Les deux grands traits que vous voyez, coincés dans la roche de la baie de Curio, en Nouvelle-Zélande, sont des arbres. Fossilisés. Ils sont là depuis 180 millions d’années, avec toute une forêt détruite par des coulées de boues volcaniques. A l’époque, ils appartenaient à un continent énorme de 4,9 millions de kilomètres carrés (3 500 km de long sur 1 300 de large) à l’est de l’Australie : Zealandia. Ce qu’il en reste ? La Nouvelle-Calédonie et la Nouvelle-Zélande. La plus grande partie s’est affaissée sur le plancher océanique après s’être séparée dans un grand fracas géologique d’abord de l’actuel Antarctique occidental, il y a environ 85 à 130 millions d’années, puis de l’Australie (60 à 85 millions d’années). Si on peut aujourd’hui raconter ce moment de la construction de la géographie de notre planète, c’est que des chercheurs néo-zélandais ont pu reconstituer l’histoire en examinant… des cailloux. Des morceaux de roches.
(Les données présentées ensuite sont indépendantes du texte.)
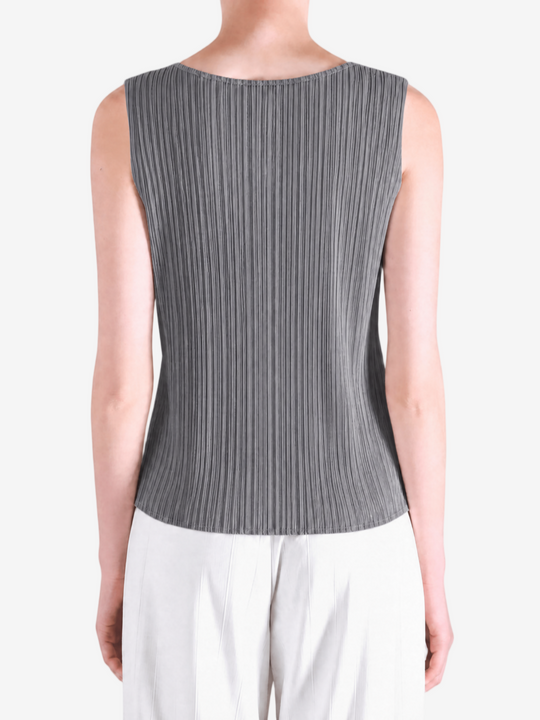 Grey shirt worn by a person, showing the shirt fit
Des grès du Crétacé comme des pierres de l’Eocène. Et nous voici désormais face à un huitième continent. Le fait que l’essentiel de son territoire se trouve par 1 000 ou 2 000 mètres sous la surface de l’océan n’enlève rien à sa grandeur. Comme aucun humain n’a pu connaître Zealandia alors qu’il émergeait (les premiers hominidés sont apparus il y a 6 à 8 millions d’années), il ne nous reste plus que des bateaux pour couvrir les 93% de ce continent que personne n’a jamais vu en entier. Mais que l’examen d’une carte des fonds marins permet de reconstruire. Alors apparaissent des plateaux, des chaînes de montagnes, des plaines, de larges baies… Un monde que nous ne pouvons désormais qu’imaginer. Pour mieux rêver à un monde plus grand, et meilleur.